In this example, we've defined an IOManager that knows how to store and retrieve PySpark DataFrames that are produced and consumed by ops.

This example assumes that all the outputs within the Dagster pipeline will be PySpark DataFrames and stored in the same way. To learn how to use different IO managers for different outputs within the same Dagster pipeline, take a look at the IO Manager concept page.

This example writes out DataFrames to the local file system, but can be tweaked to write to cloud object stores like S3 by changing to the write and read invocations.

import os

from dagster import ConfigurableIOManager, Definitions, asset
from pyspark.sql import DataFrame, Row, SparkSession
from pyspark.sql.types import IntegerType, StringType, StructField, StructType


class LocalParquetIOManager(ConfigurableIOManager):
    def _get_path(self, context):
        return os.path.join(*context.asset_key.path)

    def handle_output(self, context, obj):
        obj.write.parquet(self._get_path(context))
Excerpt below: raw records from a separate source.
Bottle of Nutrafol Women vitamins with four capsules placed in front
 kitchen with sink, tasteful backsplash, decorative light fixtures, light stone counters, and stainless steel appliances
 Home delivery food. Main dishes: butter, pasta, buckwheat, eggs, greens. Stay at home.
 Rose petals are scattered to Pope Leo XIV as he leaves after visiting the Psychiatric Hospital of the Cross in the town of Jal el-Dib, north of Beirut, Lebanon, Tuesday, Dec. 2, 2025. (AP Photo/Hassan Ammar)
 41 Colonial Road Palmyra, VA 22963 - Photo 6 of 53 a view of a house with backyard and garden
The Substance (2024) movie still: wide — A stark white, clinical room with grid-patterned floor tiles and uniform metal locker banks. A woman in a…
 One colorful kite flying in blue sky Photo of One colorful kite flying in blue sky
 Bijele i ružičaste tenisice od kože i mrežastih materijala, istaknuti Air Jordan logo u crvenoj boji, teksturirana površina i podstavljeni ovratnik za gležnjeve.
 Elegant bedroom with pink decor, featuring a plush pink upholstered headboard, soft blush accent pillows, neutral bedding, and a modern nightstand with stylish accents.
    def load_input(self, context):
        spark = SparkSession.builder.getOrCreate()
        return spark.read.parquet(self._get_path(context.upstream_output))


@asset
def people() -> DataFrame:
    schema = StructType([StructField("name", StringType()), StructField("age", IntegerType())])
    rows = [Row(name="Thom", age=51), Row(name="Jonny", age=48), Row(name="Nigel", age=49)]
    spark = SparkSession.builder.getOrCreate()
    return spark.createDataFrame(rows, schema)


@asset
def people_over_50(people: DataFrame) -> DataFrame:
    return people.filter(people["age"] > 50)


defs = Definitions(
    assets=[people, people_over_50], resources={"io_manager": LocalParquetIOManager()}
)

Submitting PySpark jobs on EMR#

You can find the code for this example on Github

This example demonstrates how to use the emr_pyspark_step_launcher to have an asset run as a Spark step on an EMR cluster. In it, each of the two assets will be executed as a separate EMR step on the same EMR cluster.

from pathlib import Path
from typing import Any

from dagster import ConfigurableIOManager, Definitions, ResourceParam, asset
from dagster_aws.emr import emr_pyspark_step_launcher
from dagster_aws.s3 import S3Resource
from dagster_pyspark import PySparkResource
from pyspark.sql import DataFrame, Row
from pyspark.sql.types import IntegerType, StringType, StructField, StructType


class ParquetIOManager(ConfigurableIOManager):
    pyspark: PySparkResource
    path_prefix: str

    def _get_path(self, context) -> str:
        return "/".join([context.resource_config["path_prefix"], *context.asset_key.path])

    def handle_output(self, context, obj):
        obj.write.parquet(self._get_path(context))

    def load_input(self, context):
        spark = self.pyspark.spark_session
        return spark.read.parquet(self._get_path(context.upstream_output))


@asset
def people(pyspark: PySparkResource, pyspark_step_launcher: ResourceParam[Any]) -> DataFrame:
    schema = StructType([StructField("name", StringType()), StructField("age", IntegerType())])
    rows = [Row(name="Thom", age=51), Row(name="Jonny", age=48), Row(name="Nigel", age=49)]
    return pyspark.spark_session.createDataFrame(rows, schema)


emr_pyspark = PySparkResource(spark_config={"spark.executor.memory": "2g"})


@asset
def people_over_50(pyspark_step_launcher: ResourceParam[Any], people: DataFrame) -> DataFrame:
    return people.filter(people["age"] > 50)


defs = Definitions(
    assets=[people, people_over_50],
    resources={
        "pyspark_step_launcher": emr_pyspark_step_launcher.configured(
            {
                "cluster_id": {"env": "EMR_CLUSTER_ID"},
                "local_pipeline_package_path": str(Path(__file__).parent),
                "deploy_local_pipeline_package": True,
                "region_name": "us-west-1",
                "staging_bucket": "my_staging_bucket",
                "wait_for_logs": True,
            }
        ),
        "pyspark": emr_pyspark,
        "s3": S3Resource(),
        "io_manager": ParquetIOManager(pyspark=emr_pyspark, path_prefix="s3://my-s3-bucket"),
    },
)

The EMR PySpark step launcher relies on S3 to shuttle config and events to and from EMR.